Недовольный стон — единственное, в чем я солидарна с Сойкой. В пижамах и босиком выходим в коридор и отжимаемся, хотя после вечерней силовой земля не держит, а руки — тем более. Набираем из кулера пару стаканов и залпом пьем. Все-таки действенный метод: вся злость отступает, и остается только усталость.
— Ну что, угомонились? — наставник все это время стоял у двери, скрестив руки и глядя на наши жалкие попытки отжаться. — Спокойной ночи, девочки. Не ссорьтесь.
как будто можно забыть огонь?
как будто можно забыть
о том, что счастье хочет быть,
и горе хочет не быть?
Ольга Седакова
Усталые руки нервно сжимают керамическую кружку, вены на предплечьях от напряжения кажутся темнее. По тесному и полностью механизированному кабинету скользит едва уловимый аромат капучино, как сигнальный маячок из далекого, теплого и уютного прошлого. Пересахаренный сублимированный кофе с разведенным сухим молоком — вот и все удовольствие. А раньше это было особенным наслаждением и любимым ритуалом: встать пораньше, поколдовать над причудливо расписанной туркой, снять горькую пену, добавить ваниль и корицу…
Руководитель корпуса морщится и устало трет переносицу. Переводит взгляд на подсвеченный красным монитор: бегущая строка отсчитывает последние минуты жизни улетевших за Грань дронов, там же отображается критический уровень их заряда, территория предполагаемого охвата. Эти маленькие жучки оказались весьма и весьма опасными: как минимум, их усовершенствованная версия способна загрязнить атмосферу токсичными выбросами на определенной территории, такой силы, что последствия могут быть сравнимы с радиационной катастрофой местного масштаба. На это и направлена их деятельность: они отправляются под видом дронов-разведчиков, чтобы граждане ни о чем не догадывались, а потом методично отравляют обозначенные в краткосрочной программе кубометры.

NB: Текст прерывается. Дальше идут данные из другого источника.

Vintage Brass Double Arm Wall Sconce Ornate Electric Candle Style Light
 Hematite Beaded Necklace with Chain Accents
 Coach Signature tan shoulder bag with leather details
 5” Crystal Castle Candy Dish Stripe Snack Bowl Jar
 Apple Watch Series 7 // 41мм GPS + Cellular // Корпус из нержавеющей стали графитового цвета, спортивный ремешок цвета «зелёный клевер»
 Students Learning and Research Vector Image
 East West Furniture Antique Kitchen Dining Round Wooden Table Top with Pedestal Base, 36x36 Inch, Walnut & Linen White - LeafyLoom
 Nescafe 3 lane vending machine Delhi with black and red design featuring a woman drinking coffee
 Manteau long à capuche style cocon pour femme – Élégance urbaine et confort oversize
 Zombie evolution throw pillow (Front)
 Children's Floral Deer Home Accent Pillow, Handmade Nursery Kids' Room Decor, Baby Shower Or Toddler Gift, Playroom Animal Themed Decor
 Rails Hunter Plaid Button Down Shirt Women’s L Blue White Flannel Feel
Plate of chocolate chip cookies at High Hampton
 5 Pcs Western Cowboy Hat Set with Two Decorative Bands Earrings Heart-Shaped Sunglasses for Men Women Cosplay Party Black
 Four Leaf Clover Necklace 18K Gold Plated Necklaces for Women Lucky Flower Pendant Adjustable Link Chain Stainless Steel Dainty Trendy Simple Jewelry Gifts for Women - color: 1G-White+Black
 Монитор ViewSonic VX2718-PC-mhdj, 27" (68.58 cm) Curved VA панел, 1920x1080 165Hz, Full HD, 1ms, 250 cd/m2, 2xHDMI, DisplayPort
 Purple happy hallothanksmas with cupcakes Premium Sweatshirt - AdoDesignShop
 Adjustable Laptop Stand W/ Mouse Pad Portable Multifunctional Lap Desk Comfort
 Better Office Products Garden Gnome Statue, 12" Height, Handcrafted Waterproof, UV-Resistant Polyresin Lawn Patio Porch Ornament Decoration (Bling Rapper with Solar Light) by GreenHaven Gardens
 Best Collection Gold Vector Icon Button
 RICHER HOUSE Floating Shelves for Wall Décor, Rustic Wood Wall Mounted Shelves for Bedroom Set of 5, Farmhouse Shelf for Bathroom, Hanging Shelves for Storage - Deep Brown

Центр новых химических технологий очень гордится этим изобретением: невидимого врага легче победить невидимыми средствами. Правда, у любой медали есть две стороны: область химического поражения неизвестна, дроны-жучки еще не способны передавать такую информацию. Они просто летают по периметру, прячась в густых ветвях, и распыляют в воздухе едкие кислотные диоксиды. В лабораториях химцентра уверены, что методов борьбы с таким загрязнением атмосферы лесные дикари еще не изобрели.
Герметичный шлюз кабинета тихонько попискивает, информируя хозяев о гостях без нужной ступени доступа. Наверняка кто-то из младших сотрудников с очередной неурядицей вне работы или просьбой отпустить пораньше, “у меня же ребенок”… Директор центра химических технологий раздосадованно ставит чашку на стол и идет открывать. А впустив посетителя, бледнеет и спешит активировать выдвижной стул и ему, и себе: если старший научный сотрудник, инженер-технолог АН-322 пришел сам, без тысячи требований, значит, случилось что-то из ряда вон.